Politico quotes from the report:
“Unable to compete for and retain some of the high-end skills and lacking the capacity to handle many critical day-to-day tasks, the government often has to look to outside contractors for the intellectual capital and know-how that is needed,” the report said. “There also is an absence of clarity and consequence regarding individual and organizational performance. Top performers seldom receive sufficient rewards, poor performers are rarely fired or demoted, and managers are not held accountable for how well they manage employees or the outcomes of the work they oversee.” […]
“Only 9 percent of the federal workforce is made up of people younger than 30 — compared to 23 percent of the total U.S. workforce,” the report says. “By 2017, nearly two-thirds of the Senior Executive Service, our nation’s career leadership corps, will be eligible for retirement, and about 31 percent of the government’s permanent career employees will be able to head out the door.”Obamacare’s botched rollout was a good example of a blue tendency to fall in love with the vision of a program while neglecting its implementation.

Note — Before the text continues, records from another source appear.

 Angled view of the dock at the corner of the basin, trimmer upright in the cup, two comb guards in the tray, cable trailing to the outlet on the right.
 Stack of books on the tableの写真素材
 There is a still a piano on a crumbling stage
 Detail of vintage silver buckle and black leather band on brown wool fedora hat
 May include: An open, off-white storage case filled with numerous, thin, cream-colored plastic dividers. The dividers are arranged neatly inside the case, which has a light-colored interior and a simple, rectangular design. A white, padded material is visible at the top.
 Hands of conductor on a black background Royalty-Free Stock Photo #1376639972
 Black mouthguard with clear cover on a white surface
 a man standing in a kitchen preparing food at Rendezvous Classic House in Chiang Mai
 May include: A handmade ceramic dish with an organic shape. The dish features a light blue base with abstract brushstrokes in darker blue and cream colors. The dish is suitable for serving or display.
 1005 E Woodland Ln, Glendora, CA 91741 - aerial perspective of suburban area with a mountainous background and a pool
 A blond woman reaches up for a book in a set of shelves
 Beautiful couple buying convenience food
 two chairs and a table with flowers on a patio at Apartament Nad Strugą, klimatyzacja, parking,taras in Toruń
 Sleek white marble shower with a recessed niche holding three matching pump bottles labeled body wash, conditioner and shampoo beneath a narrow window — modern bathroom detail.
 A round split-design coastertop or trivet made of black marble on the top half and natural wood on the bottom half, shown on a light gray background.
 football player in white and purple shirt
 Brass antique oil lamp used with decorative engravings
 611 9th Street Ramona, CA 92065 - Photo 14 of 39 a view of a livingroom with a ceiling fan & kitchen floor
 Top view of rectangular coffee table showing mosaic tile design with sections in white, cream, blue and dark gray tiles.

The people who want the federal government to take on more responsibility, not less, have not made it a priority to see that it’s capable of doing so.
The fact that the federal government cannot attract young people to join its ranks should also be disconcerting to blues. Millenials form a core base of President Obama’s support. According to the report, few among them have any interest in working to implement his programs, and the government wouldn’t know how to hire and keep them even if they would.